Everybody's Christmas this year is a little bit Polish. For this country is not really protesting against a particular set of actions by a particular party in a particular place. A universal moral matter is at stake -- the matter of humanizing the large, impersonal bureaucratic structures that fill out so much of the background of modern life.

The foremost figure in Christendom today -- the Polish pope, John Paul II -- provided, according to practically everybody here, the inspiration for the movement that has seized this country. How come? Certainly not because he is a liberal, or a revolutionary. On the contrary, on such issues as abortion, divorce and the role of women in the church, John Paul is a crusty traditionalist.
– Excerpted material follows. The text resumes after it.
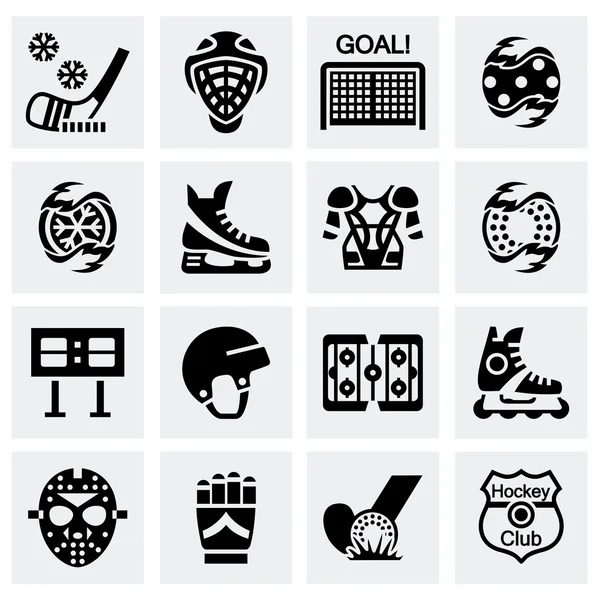 Conjunto de iconos de hockey vectorial — Vector de stock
But he stands for a kind of people's Christianity. He has brought home a church that seemed nothing if not hierarchical, distant and formal. He has personified an institution, and made is seem attractive.

There lies the significance of what he calls his "pilgrimages to the people" -- his visits to the consumer societies of Europe and the United States, to the peasant societies of Latin America, to the Islamic society of Turkey. "Don't be afraid. Open your doors to Christ," he said in his first mass as pope. And when he was asked what if felt like to have been selected, he replied, "I feel free."

That kind of freedom -- the freedom to loosen institutional bonds, to break down personal inhibitions, to reach out and touch -- is what the pope brought to Poland on his visit last year. As he put it in a meeting with the Communist leader of the time, Edward Gierek, "The basic mission of the church everywhere and always is to make man better, more conscious of his dignity, fully devoted to his life's tasks -- family, social and patriotic."

Lech Walesa, the shipworker from Gdansk who led the wave of protest that toppled Gierek, has been called the "Son of the Pope," for the movement he came to head promoted a cutting of bonds with the official unions, a deepening of social consciousness and a joining of hands with others. Not for nothing has the free trade union movement here been called "Solidarity."

The victories of Solidarity have now spread its spirit broadly throughout Poland. The Communist Party itself is in the midst of spirited debate about "renewal." In most revolutions," Stepan Bratkowski, a party member who is head of the journalists' union here, said at a dinner the other night, "everybody thinks on the level of the common people. In ours, everybody has been ennobled. Suddenly we are all talking to one another. Anybody who does not talk is not Polish."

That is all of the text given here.